Material Fact – Offering of senior notes abroad by JSL Europe


JSL S.A. (“JSL” or “Company”), a publicly-held company, pursuant to Instruction 358 of the Brazilian Securities and Exchange Commission of January 3, 2002, and article 157, paragraph 4 of Law 6,404, of December 15, 1976, hereby informs its shareholders and the market in general that it has as of this date priced the offering of US$325.0 million 7.750% senior notes (“Senior Notes”) due 2024. The Senior Notes will be issued by JSL’s subsidiary JSL Europe (“Issuer”), a company incorporated under the laws of the Grand Duchy of Luxembourg.
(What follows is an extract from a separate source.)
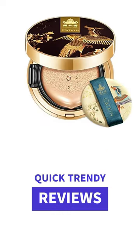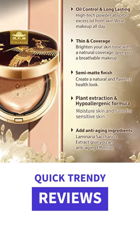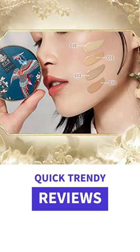Jess with Quick Trendy Reviews here, and I found this Katkin Air Cushions BB Cream by Katkin — love this gold on it. It has powerful moisturizing and anti-aging breathable makeup base, full coverage, and it's long-lasting with phytosterols and golden seaweed extract, and it does not give a darkening effect.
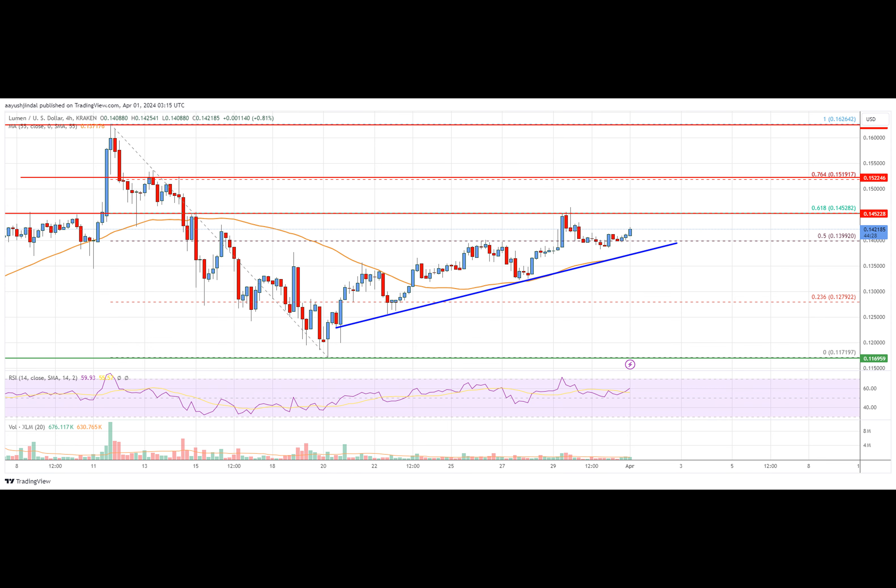What's the deal with Stellar Lumens — are they going up or down? Well, let me tell you, it's looking pretty bright for these little lumens. First off, let's talk about the recent rejection at the 0.11620 zone. It's like when you try to buy something online but your card gets declined — you gotta have faith, my friend. The XLM price took a hit, but it's not the end of the world.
The Senior Notes will be unconditionally and irrevocably guaranteed by JSL.

The Senior Notes were issued at a price to the public of 99.337% of their face value, resulting in a yield of 7.875%. Interest on the Senior Notes will be paid semi-annually. The proceeds from the offering of the Senior Notes will be used for working capital purposes, inclusive to pay consolidated short-term debts on their maturity dates.

The Senior Notes have not been and will not be registered under the U.S. Securities Act of 1933, as amended (“Securities Act”), and may not be offered or sold absent registration or an applicable exemption from registration requirements under the Securities Act. The Senior Notes have been offered in the United States only to qualified institutional investors under Rule 144A of the Securities Act, and to other qualified investors outside the United States in accordance with Regulation S of the Securities Act. The Senior Notes have not been offered in Brazil and have not been and will not be registered with the Brazilian Securities and Exchange Commission.

This Material Fact does not constitute an offer to sell the Senior Notes nor is it a solicitation of an offer to purchase the Senior Notes; the Senior Notes must not be sold in any State or jurisdiction in which this offering is prohibited.